The output voltage and output power of the DC-DC converter 1d can be well controlled by adjusting the switching frequency and the phase-shift angle. In addition, the DC-DC converter 1d can also operate in the reverse direction to deliver power from the secondary circuit assembly 4 to the primary circuit 2 by changing the phase shift. In some embodiments, an internal phase-shift is introduced to the secondary circuit assembly 4 and the primary circuit 2. In some embodiments, the phase shift of each secondary circuit is adjusted with respect to the primary circuit to balance the power between two transformers.

FIG. 6 is a schematic circuit view illustrating a DC-DC converter according to a sixth embodiment of the present disclosure. As shown in FIG. 6, the DC-DC converter 1e of this embodiment is similar to the DC-DC converter 1d of FIG. 5A. The DC-DC converter 1e of this embodiment is a dual active bridge (DAB) DC-DC converter. The output terminal of the first secondary circuit 41 and the output terminal of the second secondary circuit 42 of the DC-DC converter 1d of FIG. 5A are connected in parallel.
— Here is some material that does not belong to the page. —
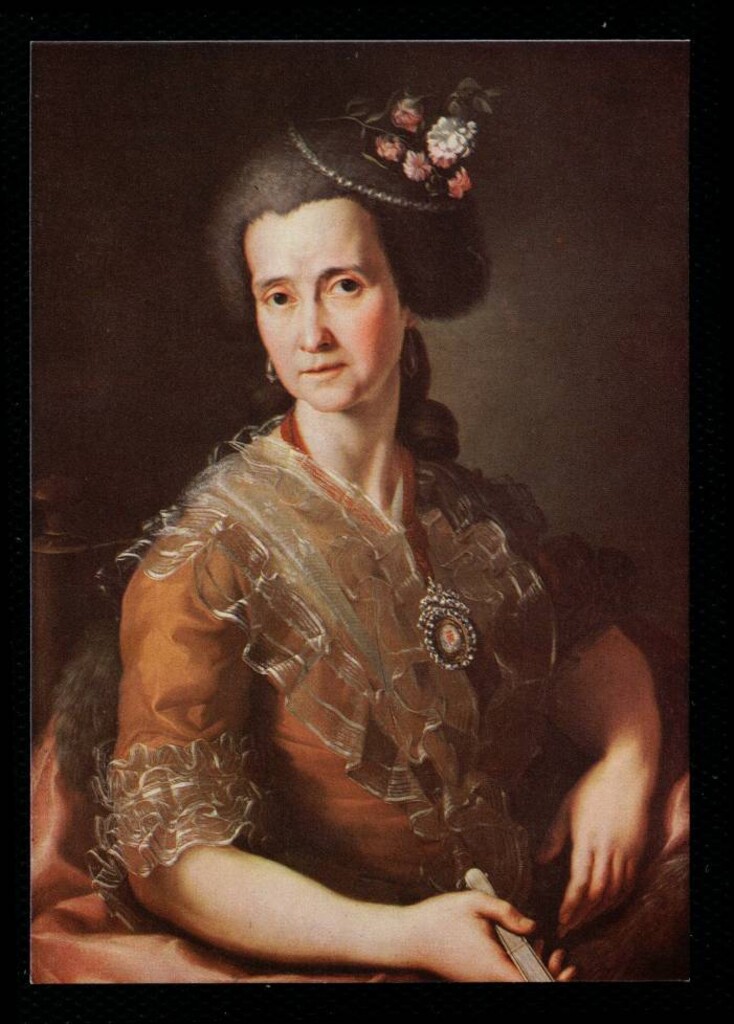 Miniatura de Retrato de Doña Manuela Tolosa, madre del pintor Zacarías González Velázquez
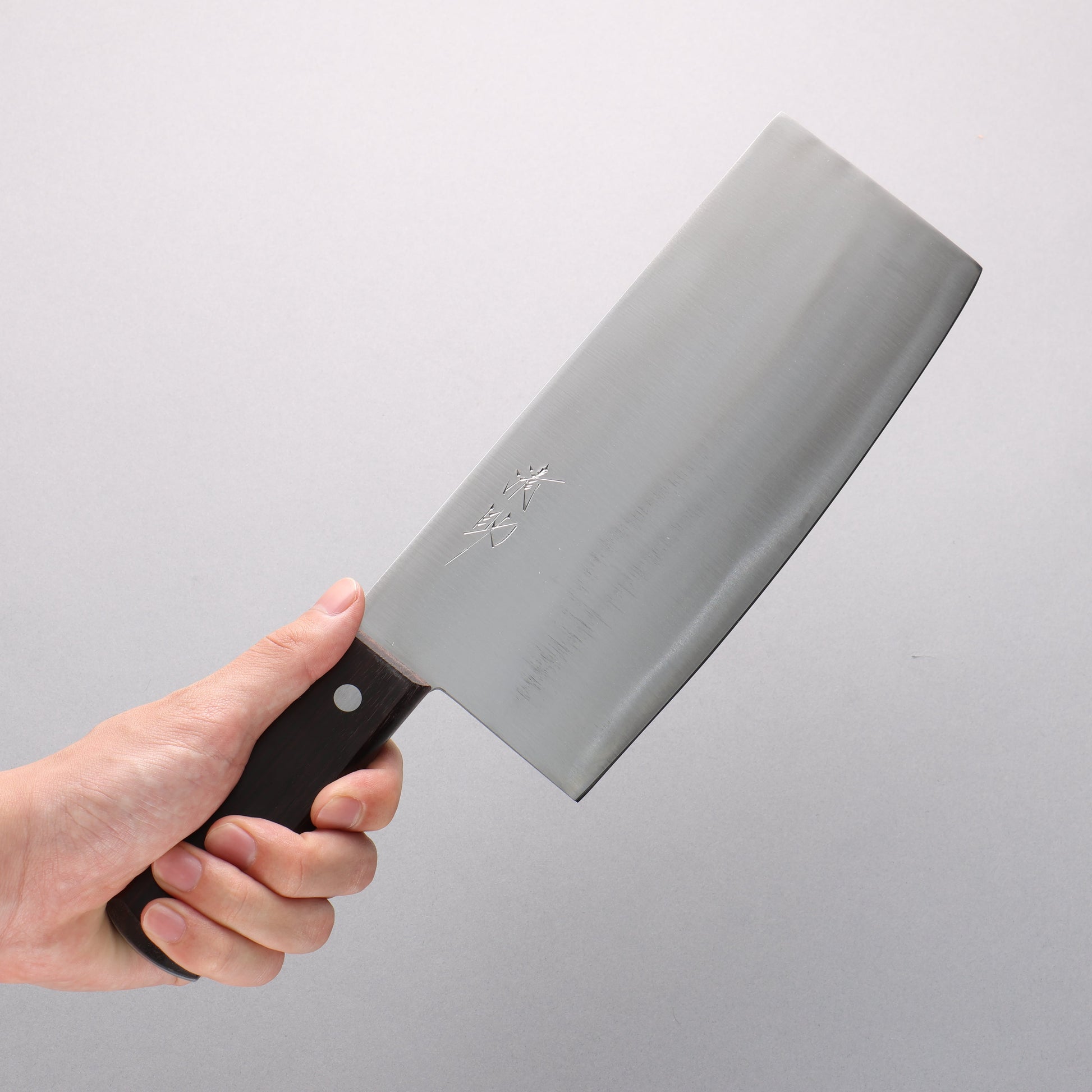 清助 全鋼 中華包丁 220mm 紫檀柄 - 清助刃物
Compared with the DC-DC converter 1d of FIG. 5A, the output terminal of the first secondary circuit 41 and the output terminal of the second secondary circuit 42 of the DC-DC converter 1e of this embodiment are independent of each other for providing two independent output voltages. In the embodiment, the first secondary circuit 41 is connected with the first output capacitor Co and a first load 12 in parallel for providing the DC output voltage to the first load 12. The second secondary circuit 42 is connected with the second output capacitor Co and a second load 12 in parallel for providing the DC output voltage to the second load 12.

In one embodiment, the DC-DC converter is connected between a voltage source 11 and N loads 12. The DC-DC converter includes a primary circuit 2, a transformer assembly 3, a secondary circuit assembly 4, and N output capacitor Co. Similarly, the transformer assembly 3 includes N transformer, and the secondary circuit assembly 4 includes N secondary circuits, and the connection of each transformer and each secondary circuit are similar to the transformer and the secondary circuits of FIG. 6, and is not redundantly described hereinafter. The output terminals of the N secondary circuits of the DC-DC converter of the embodiment are independent of each other for providing N independent output voltages to the N loads 12, respectively.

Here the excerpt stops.